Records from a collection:
******************************
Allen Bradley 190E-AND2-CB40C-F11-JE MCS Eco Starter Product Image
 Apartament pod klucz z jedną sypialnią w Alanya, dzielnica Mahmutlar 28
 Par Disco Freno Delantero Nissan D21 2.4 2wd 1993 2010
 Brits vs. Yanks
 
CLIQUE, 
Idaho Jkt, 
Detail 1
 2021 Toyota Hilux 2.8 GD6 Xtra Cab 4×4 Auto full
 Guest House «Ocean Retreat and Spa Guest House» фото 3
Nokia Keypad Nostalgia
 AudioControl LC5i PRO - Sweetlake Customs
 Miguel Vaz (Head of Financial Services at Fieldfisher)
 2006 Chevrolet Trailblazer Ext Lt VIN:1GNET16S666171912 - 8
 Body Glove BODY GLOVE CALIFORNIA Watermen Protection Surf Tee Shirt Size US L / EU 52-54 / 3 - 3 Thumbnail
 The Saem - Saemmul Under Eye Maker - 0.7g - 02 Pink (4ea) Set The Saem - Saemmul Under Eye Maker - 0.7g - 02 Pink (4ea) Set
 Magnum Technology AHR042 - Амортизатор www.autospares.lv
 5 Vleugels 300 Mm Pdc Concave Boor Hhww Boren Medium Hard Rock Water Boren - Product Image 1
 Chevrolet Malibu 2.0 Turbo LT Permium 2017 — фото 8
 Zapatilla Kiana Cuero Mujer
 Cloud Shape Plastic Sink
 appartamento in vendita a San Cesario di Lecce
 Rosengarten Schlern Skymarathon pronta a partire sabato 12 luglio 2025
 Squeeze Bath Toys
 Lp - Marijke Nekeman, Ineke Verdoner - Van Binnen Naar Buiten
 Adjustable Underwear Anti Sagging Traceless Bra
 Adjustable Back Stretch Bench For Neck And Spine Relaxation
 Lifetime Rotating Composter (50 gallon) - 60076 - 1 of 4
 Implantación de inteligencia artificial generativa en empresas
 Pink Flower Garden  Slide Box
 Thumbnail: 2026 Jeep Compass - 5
******************************
Assignment | Match on "Image" and report each line of the data above that has it.

Solution to this task |
Allen Bradley 190E-AND2-CB40C-F11-JE MCS Eco Starter Product Image
 5 Vleugels 300 Mm Pdc Concave Boor Hhww Boren Medium Hard Rock Water Boren - Product Image 1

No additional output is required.